Wednesday, January 10, 2018

#failforward

Sometimes I fail.

I try to keep this secret. Not because I try to portray myself as a superhuman, able to juggle all my balls while balancing on a unicycle and reciting the first 100 numerals in pi. I just really hate failing. I don't like it. It's why I don't play chess.

Seriously. My dad always beat me when we played chess. So I stopped playing.

I've written before about the fact that what I do is hard, that it takes a lot of work to write my own lesson plans, a lot of energy to teach interactively and inventively, and a lot of research to stop using a textbook.

I rarely mention failing. But I do fail.

Sometimes a little.

Sometimes catastrophically.

And I fail in the classroom. Sometimes a little. Sometimes catastrophically.

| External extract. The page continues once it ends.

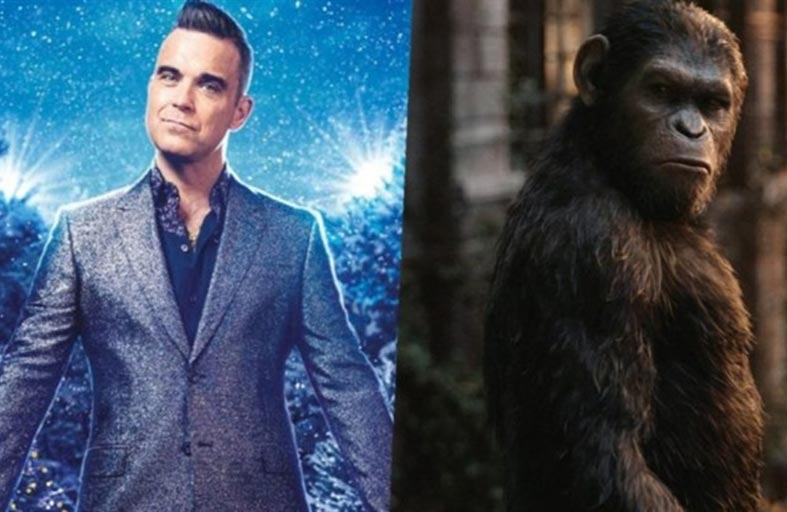 روبي ويليامز يصدم جمهوره بشخصية «قرد»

Sometimes I get an idea and I think it's a really cool idea and I think my students are going to love it and it's going to revolutionize how they think about Latin and I explain it and I'm super energetic and my students are picking up on my energy and I want it to succeed and they want it to succeed because I want it to succeed and it. just. doesn't. It falls flat. In fact, I spend maybe thirty minutes untangling their Latin because instead of improving their understanding, I have instead tied their Latin knowledge into knots rivaling the Gordian knot that stumped all but Alexander the Great.

That is catastrophic failure, and I have known it.

And I usually keep it secret from you.

The wisest Jedi, Yoda is.
(You can get the poster here if you want.)
But here's the catch. When I fail like that, I generally apologize to my students. I explain my intent, and laugh at my result. I show them how to fail gracefully. And then I show them how to get back up and try again. I come up with a new approach, usually much more successful (after all, I definitely know how NOT to teach the subject now), and we try again, and we move on.

We celebrate my failures in class, we celebrate their failures in class, and we learn, and we move on.

I was at a presentation last February, and a woman sitting near the front used the phrase "fail forward." I think that is the perfect life philosophy, and definitely an important teaching philosophy. In developing a classroom culture, it is super important to teach students to value taking risks, and how will they value taking risks if they are afraid of failure?

And in sharing only my successes with all of you, how can I convince you to take risks in your own classes when I won't even trust you with my own risk-taking?

I fail. I fail all the time.

But I try to #failforward every time.